Es ist sicher nicht leicht, einen Roman in die Gänge zu kriegen, wenn die ersten 80 Seiten hauptsächlich aus wehmütigen Rückblicken und jammervollen Statements zum Ist-Zustand bestehen. Aber das Erzähltalent der Autorin hält den Leser trotzdem bei der Stange. Denn durch den Buchanfang zieht sich auch der skurrile Transport der Urne mit der Asche ihrer Mutter und das unfreiwillig komische Wiedersehen mit der zurückgekehrten Freundin Anne. Und gegen Ende des ersten Romandrittels nimmt die Story so richtig Fahrt auf.

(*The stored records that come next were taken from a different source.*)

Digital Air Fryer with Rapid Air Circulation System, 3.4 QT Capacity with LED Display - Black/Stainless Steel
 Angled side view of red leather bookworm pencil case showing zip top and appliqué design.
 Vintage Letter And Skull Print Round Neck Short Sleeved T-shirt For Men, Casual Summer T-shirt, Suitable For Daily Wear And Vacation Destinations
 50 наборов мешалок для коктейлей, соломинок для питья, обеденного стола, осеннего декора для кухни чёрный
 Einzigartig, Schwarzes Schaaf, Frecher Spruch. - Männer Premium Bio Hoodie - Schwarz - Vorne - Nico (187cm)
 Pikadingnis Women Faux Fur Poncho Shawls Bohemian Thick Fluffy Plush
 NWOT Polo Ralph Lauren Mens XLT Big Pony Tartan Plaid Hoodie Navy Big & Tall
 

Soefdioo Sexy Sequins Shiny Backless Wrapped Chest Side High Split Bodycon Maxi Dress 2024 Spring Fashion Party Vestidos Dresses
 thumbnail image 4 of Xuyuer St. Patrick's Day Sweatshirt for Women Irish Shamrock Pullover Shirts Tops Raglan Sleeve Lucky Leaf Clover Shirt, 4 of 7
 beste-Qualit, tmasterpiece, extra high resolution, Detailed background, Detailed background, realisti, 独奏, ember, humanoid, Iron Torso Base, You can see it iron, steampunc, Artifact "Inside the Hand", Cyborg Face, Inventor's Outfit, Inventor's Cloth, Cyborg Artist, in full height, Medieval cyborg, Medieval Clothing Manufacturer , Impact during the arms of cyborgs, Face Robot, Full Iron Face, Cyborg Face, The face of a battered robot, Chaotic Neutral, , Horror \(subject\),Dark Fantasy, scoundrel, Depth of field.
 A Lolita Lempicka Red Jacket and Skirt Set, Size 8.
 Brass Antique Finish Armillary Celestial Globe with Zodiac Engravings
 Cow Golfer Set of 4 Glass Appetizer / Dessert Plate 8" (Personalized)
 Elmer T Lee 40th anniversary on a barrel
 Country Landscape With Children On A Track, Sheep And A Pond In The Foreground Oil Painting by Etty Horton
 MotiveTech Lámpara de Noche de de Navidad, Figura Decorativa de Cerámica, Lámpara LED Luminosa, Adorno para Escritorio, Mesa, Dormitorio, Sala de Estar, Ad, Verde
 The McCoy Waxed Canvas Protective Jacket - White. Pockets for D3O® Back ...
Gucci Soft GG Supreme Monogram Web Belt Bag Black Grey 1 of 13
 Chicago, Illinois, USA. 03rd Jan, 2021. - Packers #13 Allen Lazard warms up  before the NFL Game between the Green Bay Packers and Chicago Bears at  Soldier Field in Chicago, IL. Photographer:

Keine der Figuren ist schöngefärbt, und es menschelt durchgehend. Deshalb findet sich wohl jeder in der einen oder anderen Person. Wie ein Trostpflaster wirken die witzigen Stellen, und so manche Träne erhält ein Lachen als Beigabe. Gekonnt benutzt die Autorin auch Symbole wie das Grab, in dem niemand liegt, und das für Judiths Hoffnungen an das Leben, ihre Träume und die alte verlorene Liebe stehen könnte. Es geht ebenfalls um das Erwachsenwerden und darum, beim Tod der geliebten Mutter wieder zum Kind zu werden. Starke Themen sind die Freundschaft und das Fundament der Familie.

Anfangs hielt ich die Illustrationen für überflüssig, gar noch die erläuternden Sätze zu den Bildern. Dann aber ging mir auf, wie sinnvoll sie in den Text hineinkomponiert wurden. Scheinbar Nebensächliches, quasi Randbemerkungen werden durch sie ans Licht gehoben. Erst auf den zweiten Blick ist mir aufgegangen, wie ungewöhnlich diese Tuschzeichnungen, unterlegt mit zarten Aquarellen, doch sind. Ansprechend ist die blaue Schriftfarbe bei den Seitenzahlen und den Kapitelüberschriften. Wobei ich mich schon gefragt habe, wie sinnvoll ihre Länge ist (manchmal sogar zwei Sätze lang), vergisst man sie doch sofort wieder.
Angenehm glatt liegt der Schutzumschlag in der Hand, und das Lesebändchen in Blau mag ich auch. Mir gefällt das Buch sehr.